Mental Health Recovery And Civil Rights

If people can and do recover from serious “mental illnesses”, why would “stigma” be much of an issue? “Stigma” is mostly an issue with people who believe that complete recovery is rare to non-existent. Countering “stigma” is a matter for people who believe people in mental health treatment need some kind of special consideration, specifically because they are thought to be incapable of fully recovering their mental and emotional constitutional stability.

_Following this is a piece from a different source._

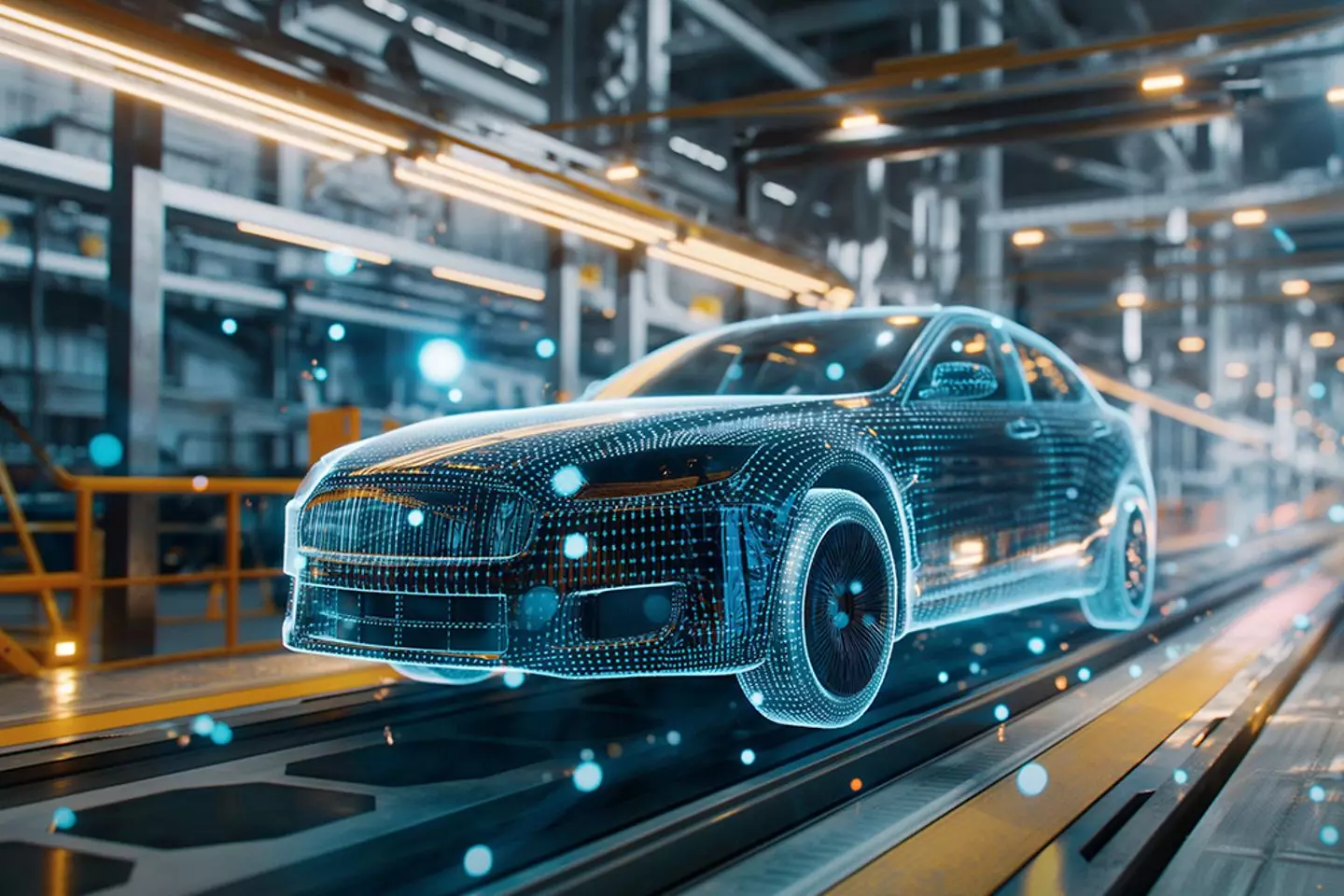 Mit unserer Produktion nach hohen Qualitätsstandards streben wir nach Spitzenleistungen in der Automobilindustrie.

The notion of “stigma” involves a belief that people in mental health treatment are tainted, that they are broken, that they are damaged goods, that they are, as the word translates literally, marked for disgrace. In point of fact, there doesn’t tend to be any sort of skin rash that separates a person labeled “mentally ill” from the rest of humanity. This idea that one is engaged in an effort to erase “stigma” tends to have an effect opposite to the intention. What I am saying here is that this focus on “stigma” is usually a way of separating the ‘disturbed’ from society at large rather than of seeing him or her as a human being like all other human beings, and thus a member of that society.

The real issue for people who have experienced the mental health system, and particularly for people who have endured forced treatment, is a matter of prejudice and discrimination. Institutionalization disrupts the life process in almost all of its dimensions. People who are institutionalized lose precious time, jobs, friends, and property. They are not compensated one nickle for the time, jobs, friends, and property that institutionalization takes away from them. In fact, they are expected to pay for the disruption of institutionalization, often forced and entirely unwanted, that causes this loss. This in itself is indicative of the prejudice directed against this segment of the population. We may call this prejudice “stigma”, but it is not “stigma” , it is prejudice.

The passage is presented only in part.